Com histórias escritas no estilo genuinamente rodrigueano - com muita traição , morte , adultério , drama e deturpações do comportamento humano - ninguém desconfiava que Suzana na verdade era Nelson e apenas alguns poucos funcionários do setor do jornal onde ele trabalhava sabiam disso . E por que o pseudônimo ? Pelo fato de Nelson a princípio não querer escrever aquela coluna e a tal Suzana Flag era uma suposta escritora estrangeira , o que atrairia o interesse do público . Para a surpresa de todos , as histórias de Suzana Flag triplicaram as tiragens de O Jornal e passaram também a ser publicadas em outros jornais que integravam os Diários Associados . O sucesso foi tão estrondoso que Nelson iniciou naquele mesmo ano de 1944 um novo folhetim chamado ESCRAVAS DO AMOR , em 1946 escreveu uma autobiografia de Suzana Flag , cuja "história de vida " era tão dramática e intensa quanto as histórias que contava e até 1953 Nelson escreveu mais 3 folhetins - NÚPCIAS DE FOGO , O HOMEM PROIBIDO e A MENTIRA - que mais tarde transformaram-se em livros . O surpreendente sucesso das histórias da fictícia Suzana Flag deram gás a um gênero literário que andava um tanto esquecido ; O FOLHETIM . Surgido nos jornais da França , no século 19 , traz histórias divididas em capítulos , com um tipo de narrativa ágil e que prende o leitor e são uma consequência do próprio desenvolvimento do JORNALISMO : de uma atividade exercida por escritores , poetas e bacharéis para um restrito grupo de pessoas letradas , o Jornalismo tornou-se uma atividade profissional , um meio de comunicação de massa e os folhetins foram uma maneira encontrada de aumentar esse público ; sendo que as radionovelas , as tão populares telenovelas e os livros de romance policial são " filhotes " dos folhetins . Na crônica de hoje HILTON GORRESEN revela o seu lado de dramaturgo , e como não poderia deixar de ser , toda história escrita por ele tem que ter muito bom humor ! CONFIRA E DIVIRTA-SE :
" – Me dá esse documento, desgraçado!
– Só se for por cima do meu cadáver.
– Pois é isso mesmo que pretendo fazer. Me dá o documento!

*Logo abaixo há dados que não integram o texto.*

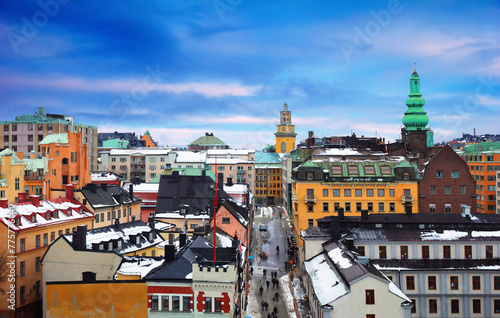 Beautiful cityscape - City museum  Church  traditional houses covered with snow and people go trough the street at the background of cloudy sky in Sodermalm  Stockholm  Sweden  Northern Europe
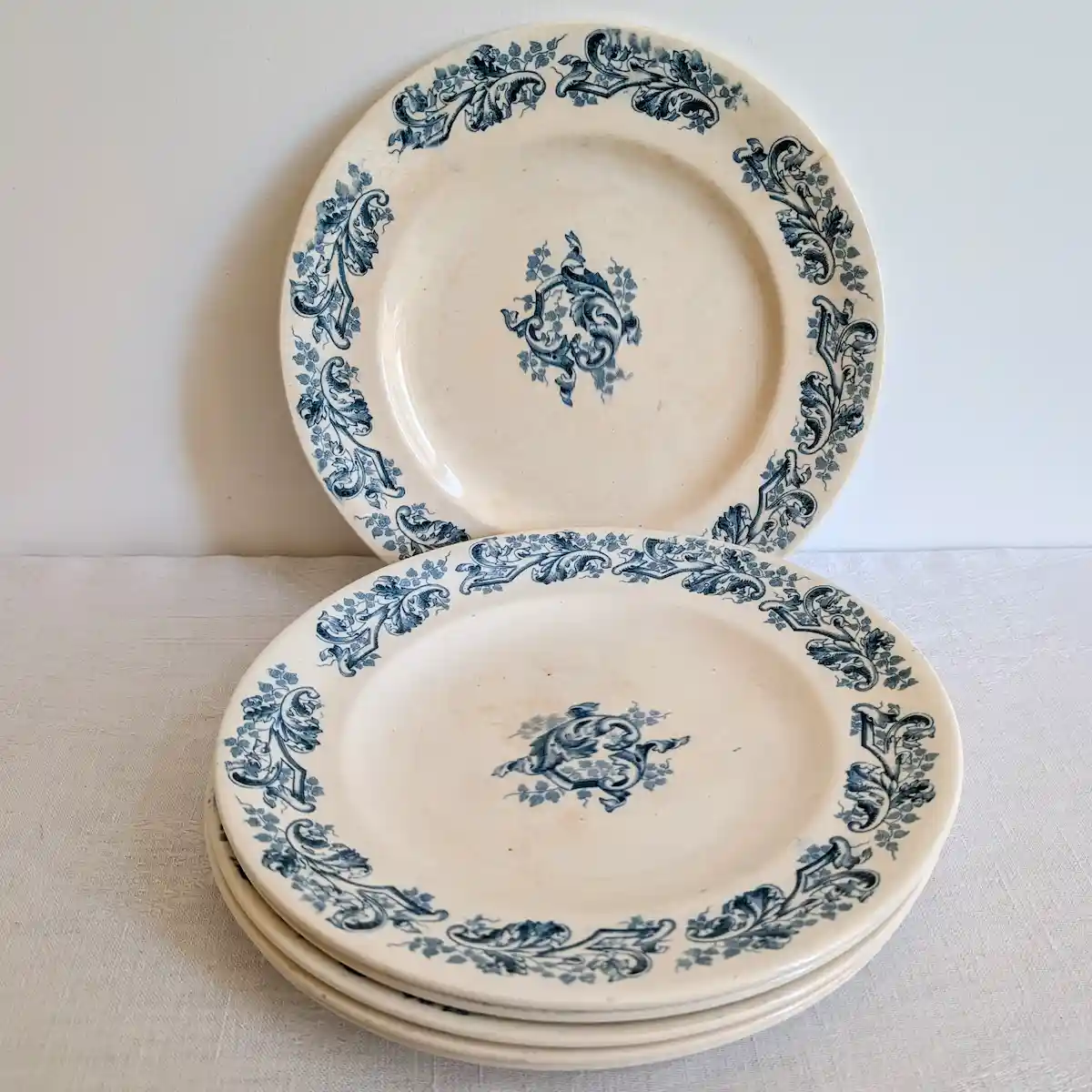 Empilement d'assiettes plates Longwy modèle Russe et détail de la frise bleue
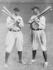 #41244 Stock Photo of Detroit Tigers Baseball Player, Ty Cobb, Standing And Holding Bats With Shoeless Joe, Joe Jackson, Of The Cleveland Naps by JVPD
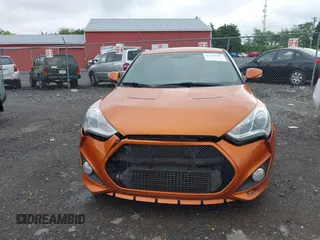 2013 Hyundai Veloster Turbo z VIN KMHTC6AE3DU124744, wystawiony jako IAAI lot #42242242 z przebiegiem 115 757 mil mil oraz . Historia ofert i sprzedaży dostępna na DreamBid. Obrazek 6.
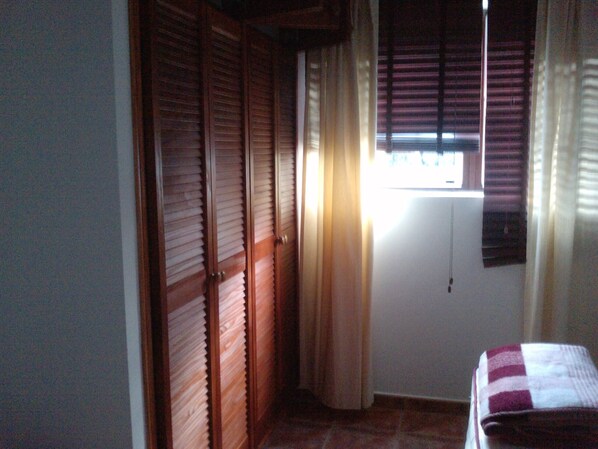 A room with wooden sliding doors, a window with blinds, and a bed with a checkered blanket.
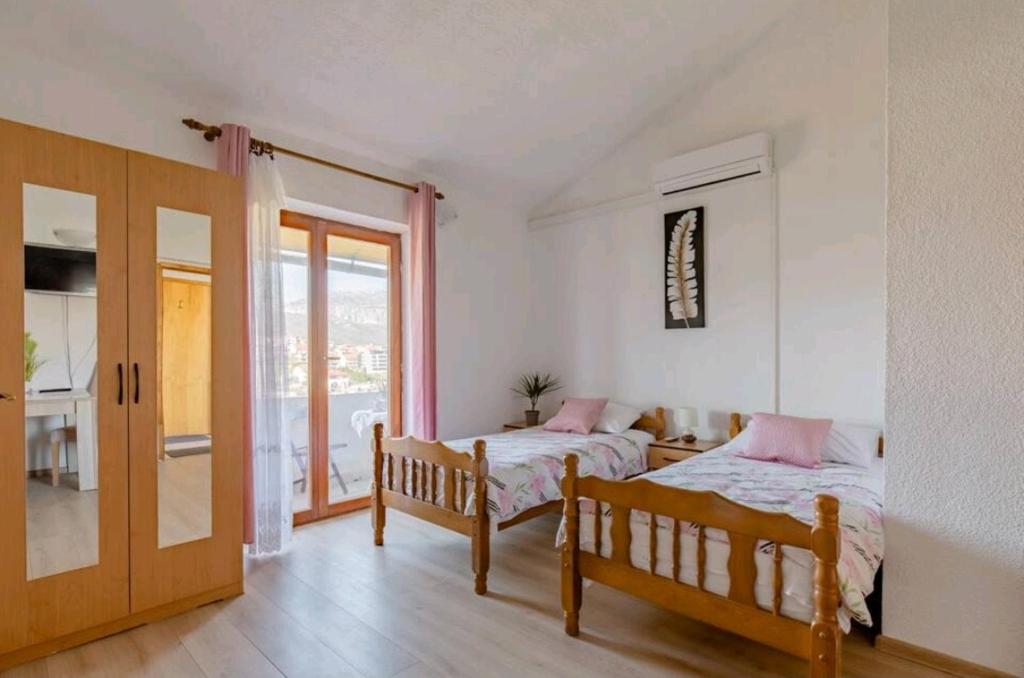1 dormitorio con 2 camas y puerta corredera de cristal en Apartmani Račić, en Split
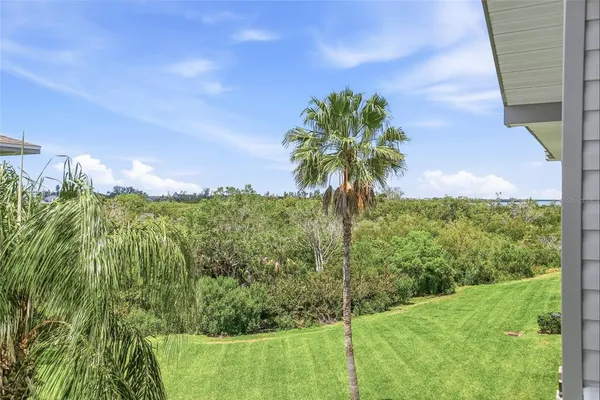 a bathroom with a granite countertop toilet sink and mirror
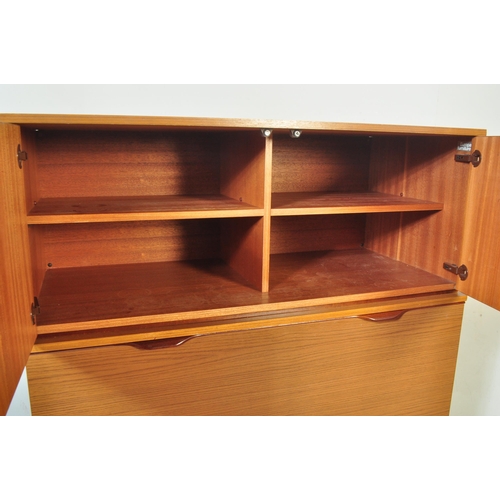 1280 - Europa Furniture - A retro vintage mid 20th century circa 1950s British teak wood Europa kitchen cab... 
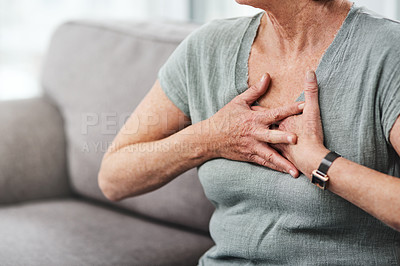Buy stock photo Heart attack, chest pain and sick senior woman with asthma in her home living room or couch with an emergency. Crisis, medical and elderly person with discomfort due to illness or breathing problem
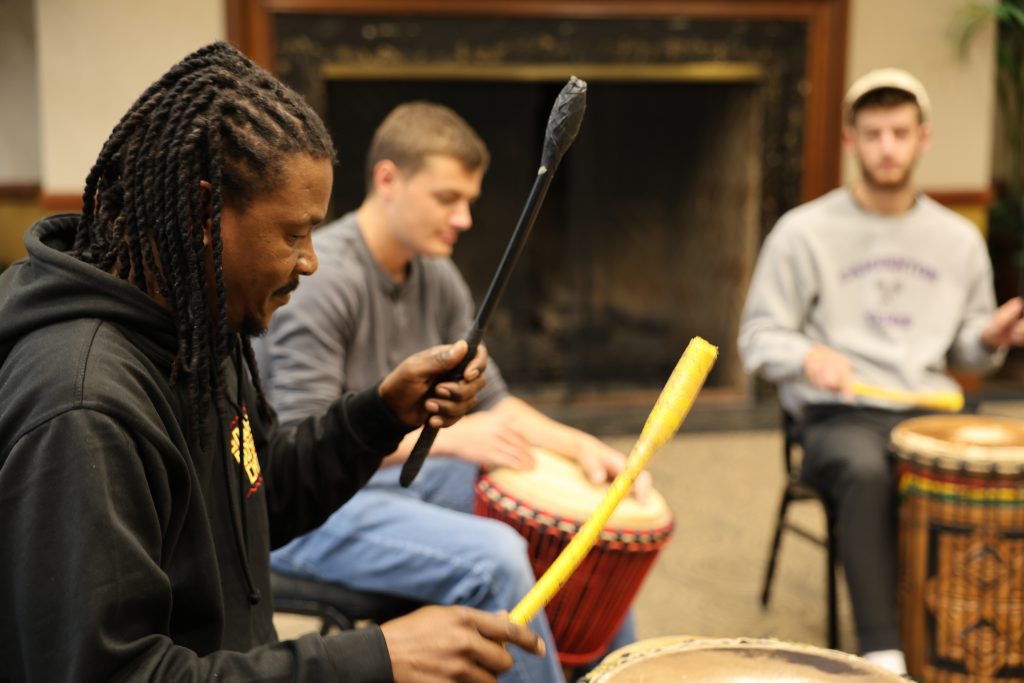 Sipho Ngcamu demonstrates technique to percussion students at Mizzou.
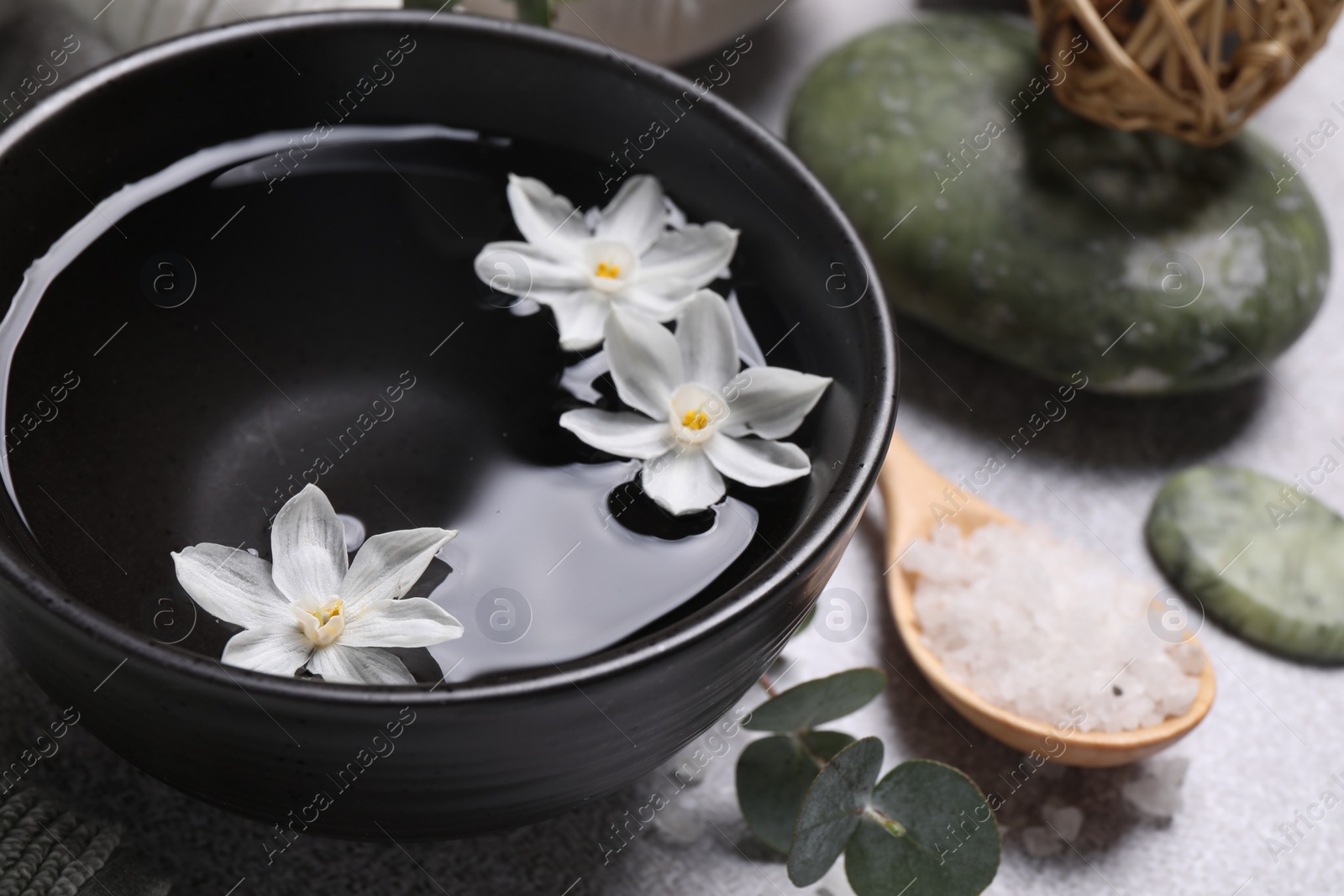 Photo of Beautiful composition with spa products and flowers on light grey table, closeup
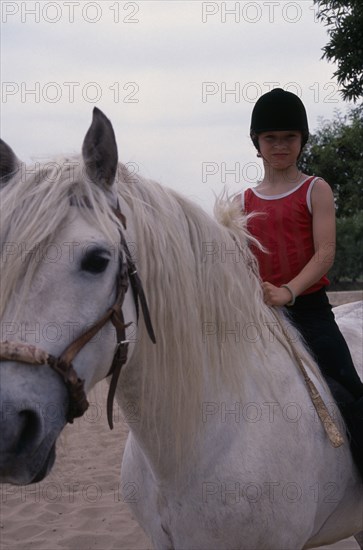 20002708 SPORT Equestrian Horse Riding Young girl on pony
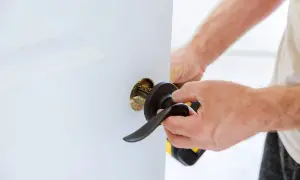 Mężczyzna dokonuje wymiany klamki w drzwiach wejściowych, używając wkrętarki.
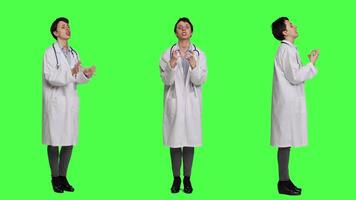 Angry physician yelling at people and being aggressive in studio, getting mad and furious at something against greenscreen backdrop. Irritated annoyed medic screaming, being displeased. Camera A. video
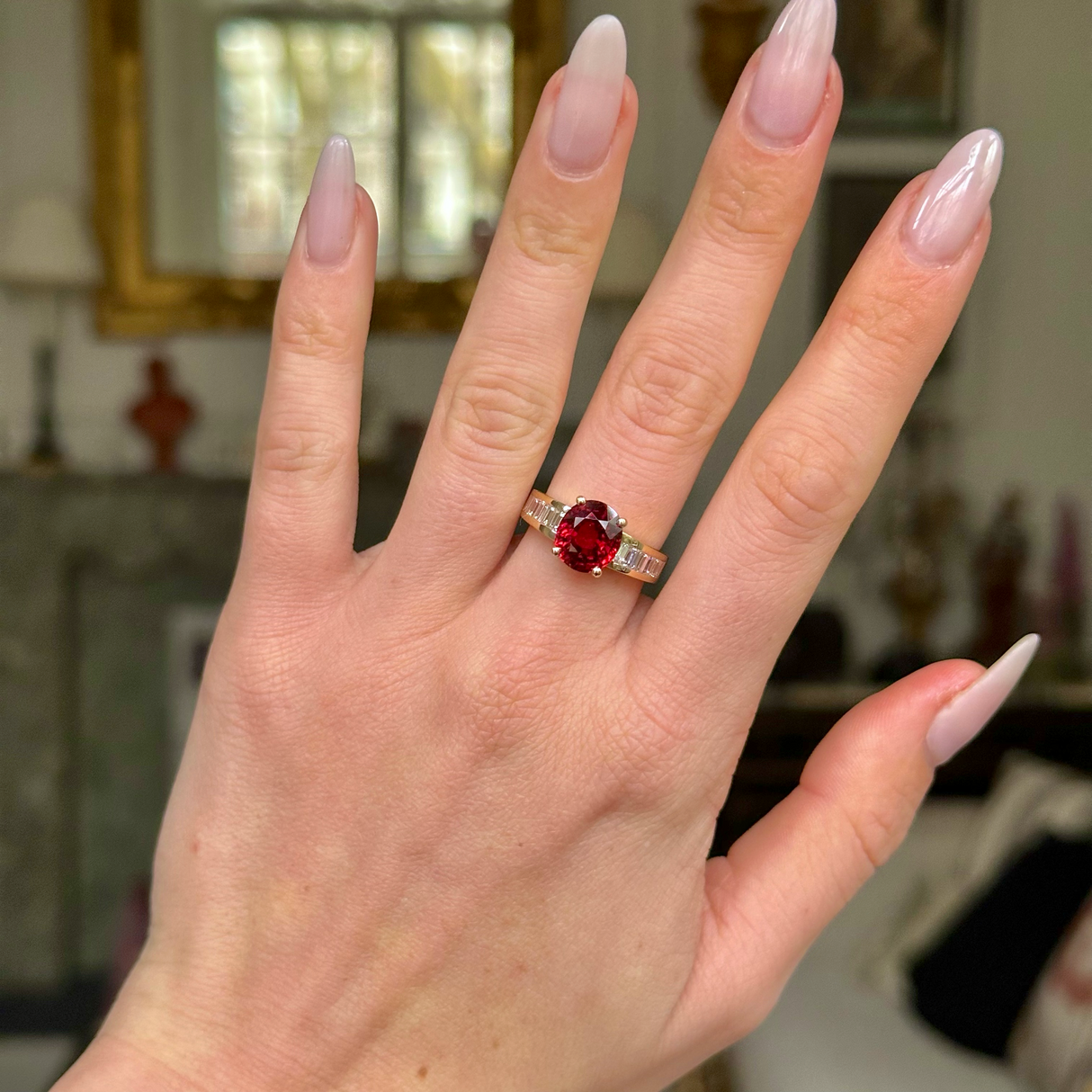 Art Deco spinel and diamond ring worn on hand. 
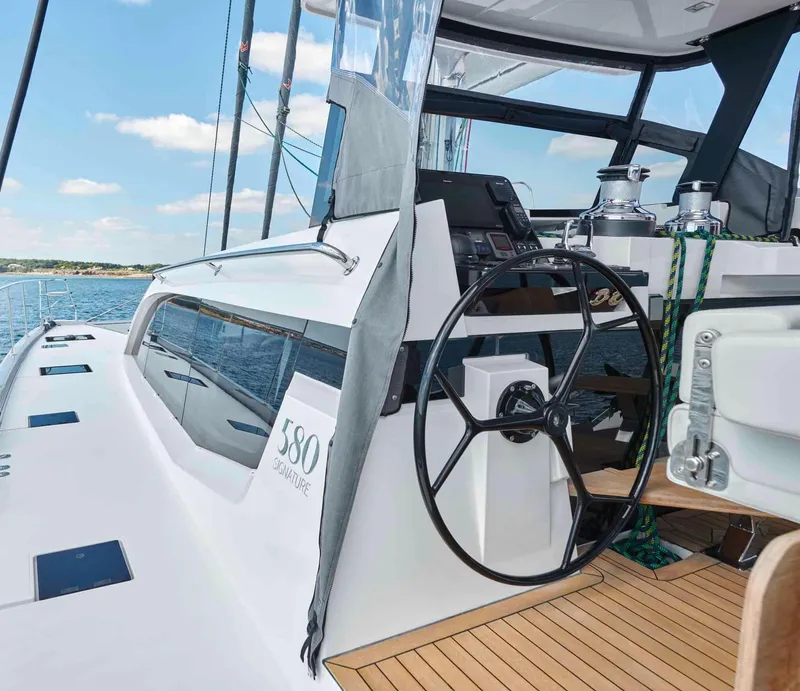 Slide: The Image of Luxury Privilege Signature 580 yacht helm, 2025 model, on open water. - 14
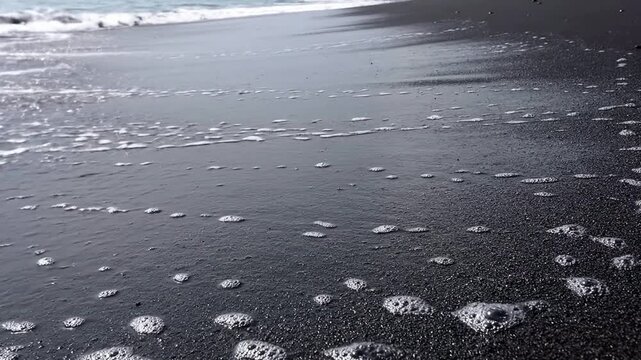 Gentle ocean waves washing over dark volcanic sand beach, creating foam bubbles, natural texture, serene coastal scene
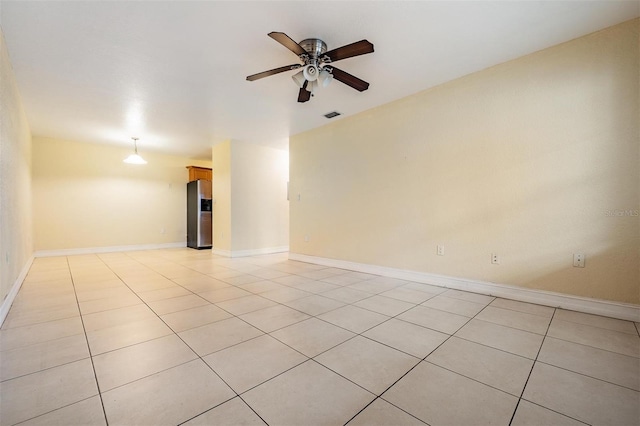 tiled empty room featuring ceiling fan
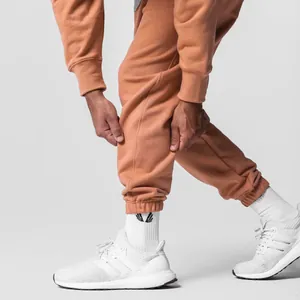 Detail view of terracotta cotton sweatpants with elastic cuffs and white sneakers.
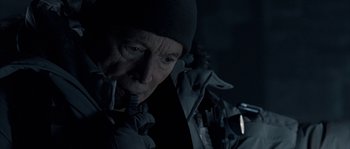 Movie still from “Alien vs. Predator” (2004), directed by Paul W.S. Anderson – An older man wearing a black hat and a black jacket; Close Up shot, Over the shoulder angle
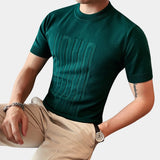 Men's green designer style t-shirt in size 3XL featuring an embossed logo, ribbed cuffs, and a comfortable fit displayed on a mannequin or model.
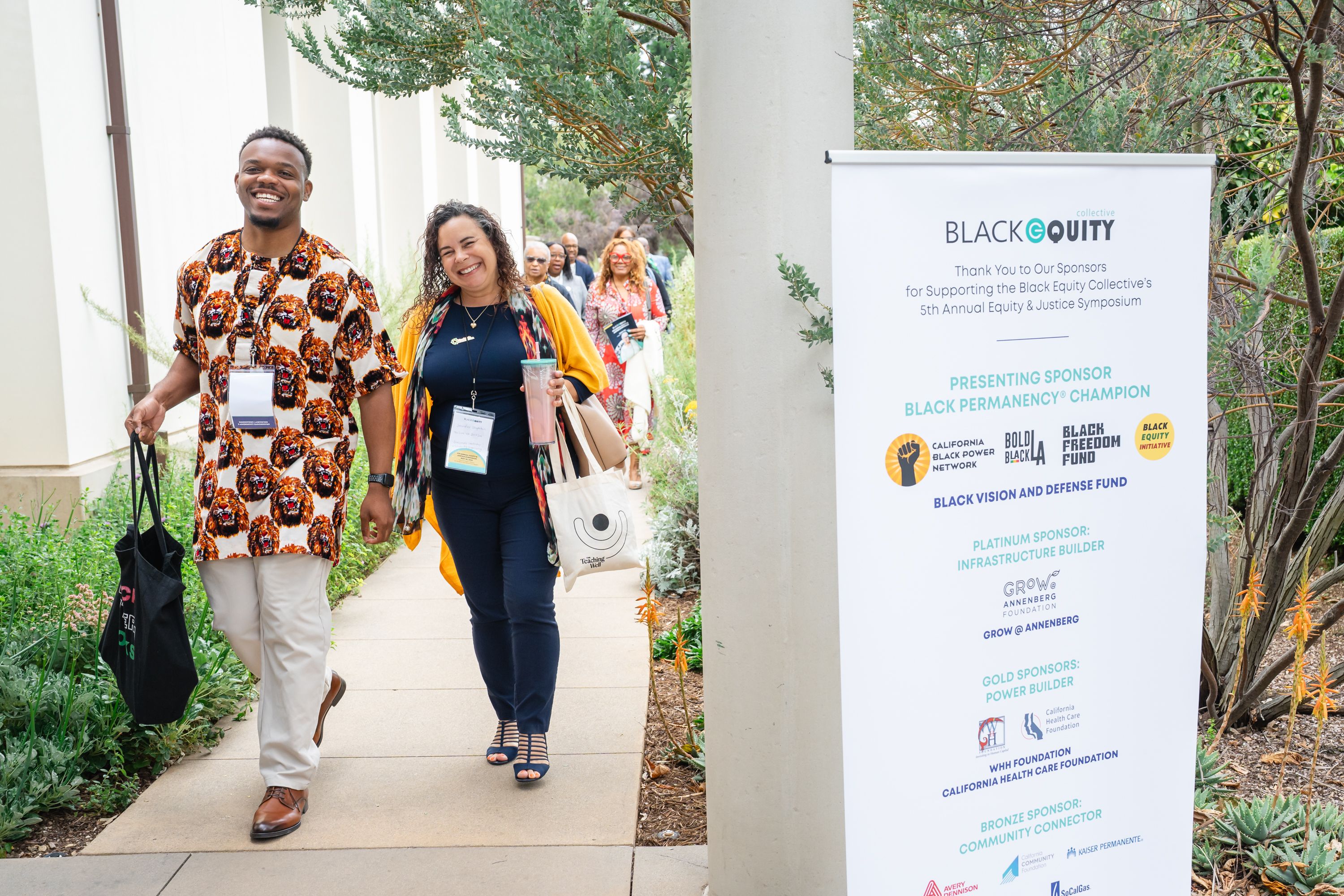 Attendees arriving at a Black Equity Collective sponsored event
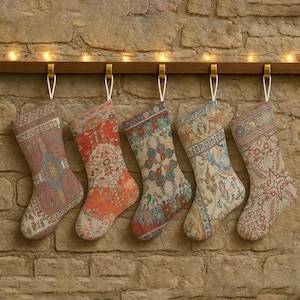 May include: Five Christmas stockings with ornate, colorful patterns hang from a wooden beam. The stockings feature designs in shades of red, orange, blue, and beige, with a vintage, rug-like aesthetic. A string of warm white lights is strung above.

– Não posso. Ele só deve ser descoberto no final.
– E o que ele tem de tão importante assim?
O outro adota um ar de importância:
– Você não sabe? É uma carta da mãe Dolores declarando que Albertinho é filho da freira Maria Helena e neto do barão de Monteverde.
– E o que aconteceu com o tal Albertinho, neto do barão?
– Foi criado pela mãe Dolores, uma antiga escrava.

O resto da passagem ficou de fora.